(INFORMATION PROVIDED Opens)
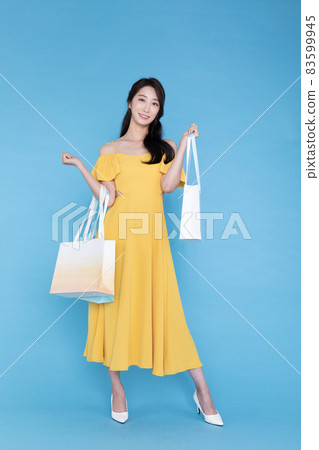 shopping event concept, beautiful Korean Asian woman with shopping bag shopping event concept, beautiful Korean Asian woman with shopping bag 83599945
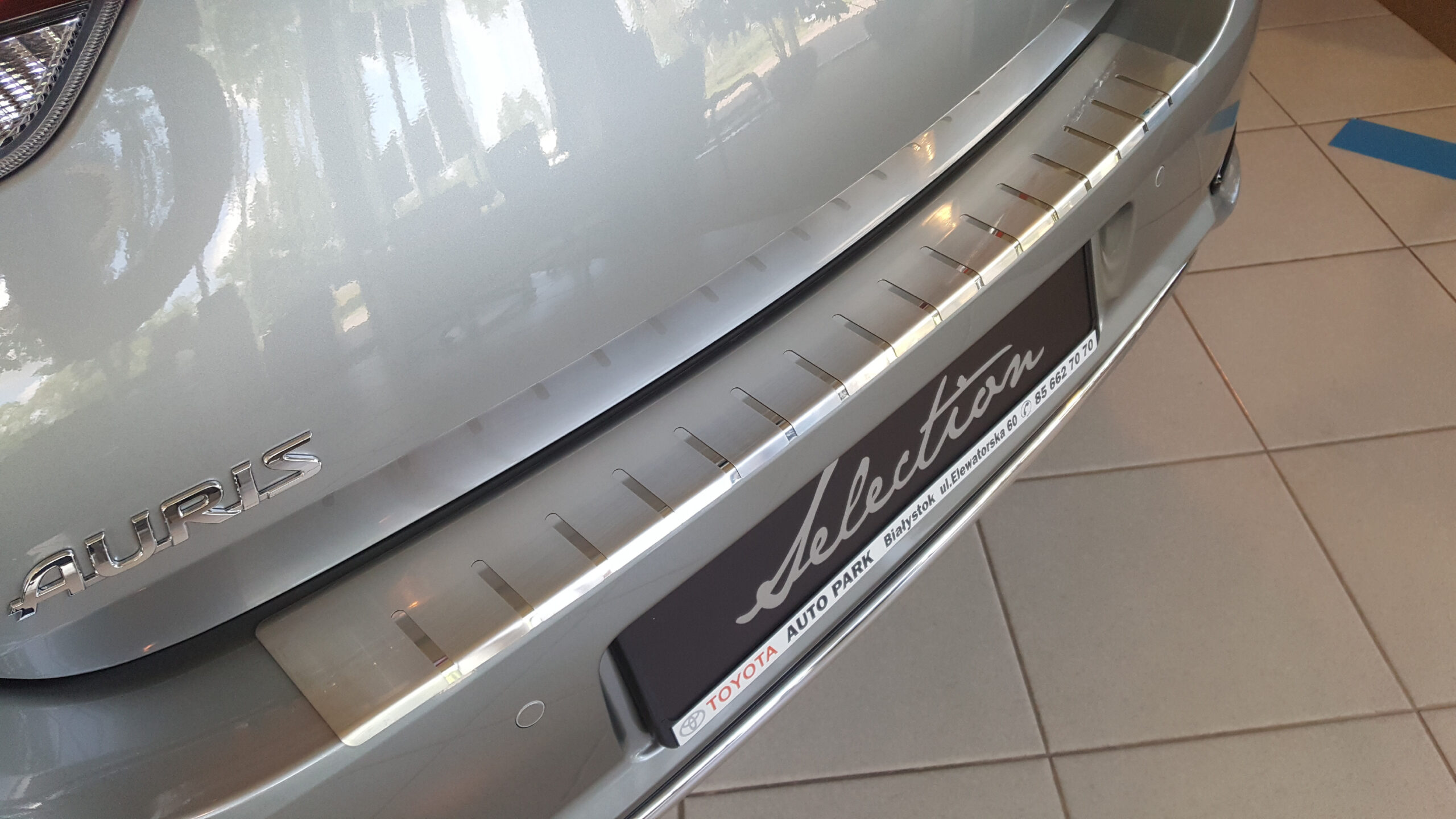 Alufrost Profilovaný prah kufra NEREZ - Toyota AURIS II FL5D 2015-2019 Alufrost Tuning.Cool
(INFORMATION PROVIDED Closes)
(INFORMATION PROVIDED Opens)
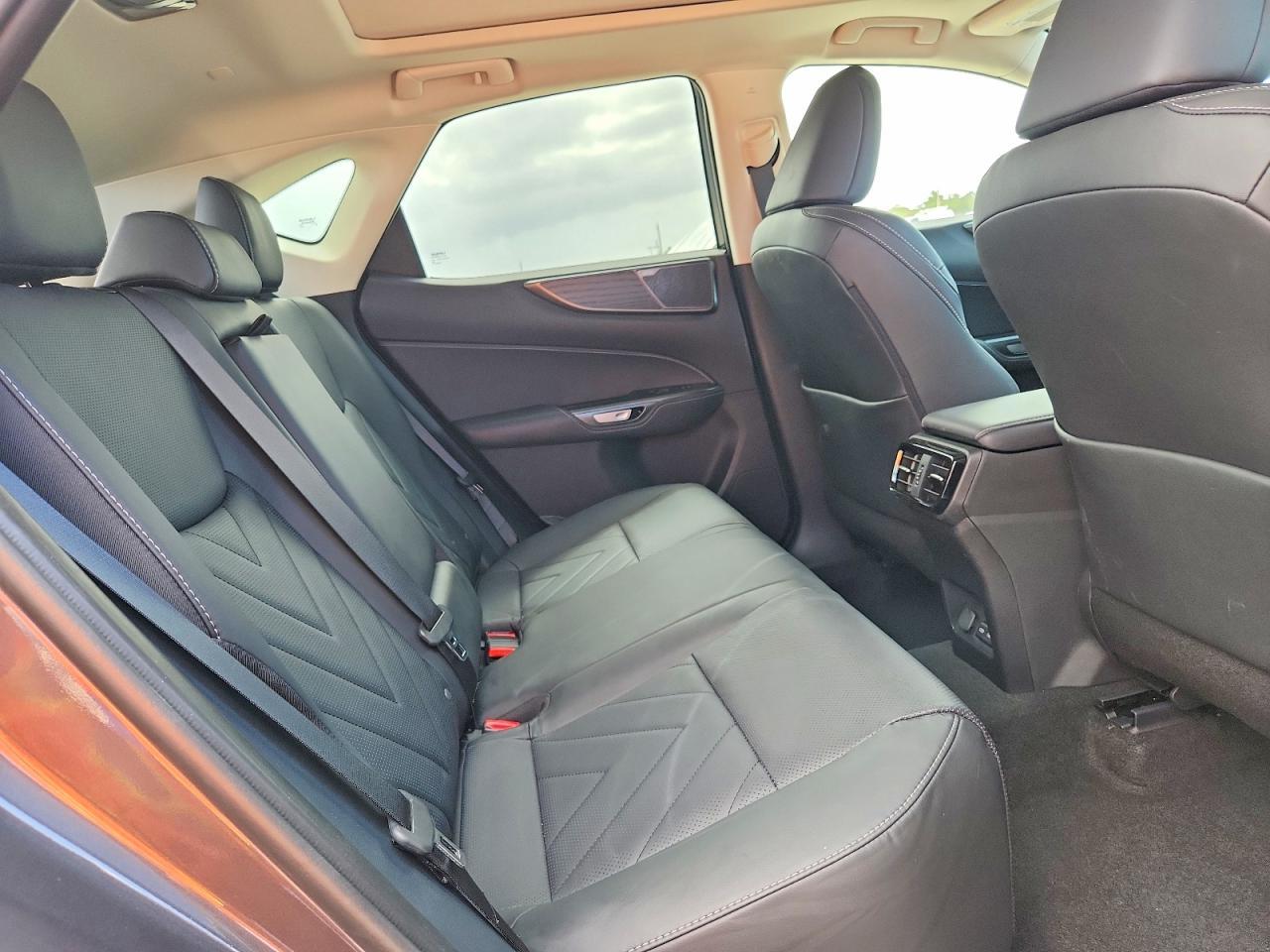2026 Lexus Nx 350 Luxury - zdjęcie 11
(INFORMATION PROVIDED Closes)
(INFORMATION PROVIDED Opens)
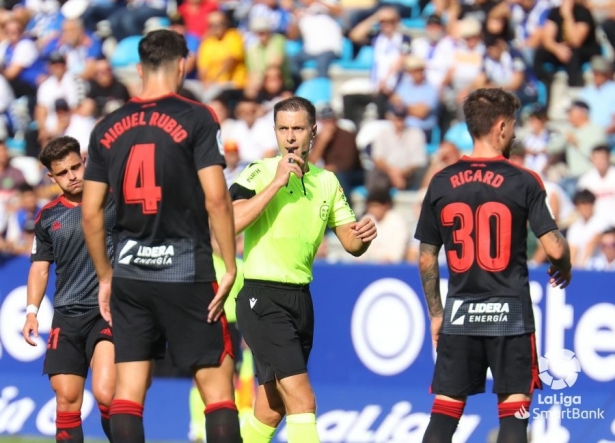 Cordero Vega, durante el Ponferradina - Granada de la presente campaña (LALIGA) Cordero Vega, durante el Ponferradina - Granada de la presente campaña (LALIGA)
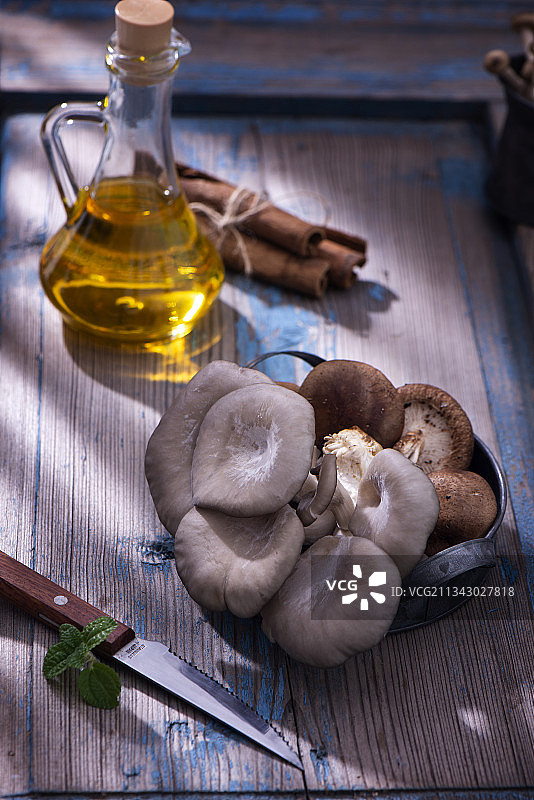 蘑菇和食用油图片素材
(INFORMATION PROVIDED Closes)
**WHAT TO PRODUCE**
Above are some records; quote exactly and only the lines that begin at the line containing "shopping bag 83599945" and stop after the line containing "Alufrost Profilovaný prah", leaving out the pictures.

**WRITTEN REPLY**
 shopping event concept, beautiful Korean Asian woman with shopping bag shopping event concept, beautiful Korean Asian woman with shopping bag 83599945
 Alufrost Profilovaný prah kufra NEREZ - Toyota AURIS II FL5D 2015-2019 Alufrost Tuning.Cool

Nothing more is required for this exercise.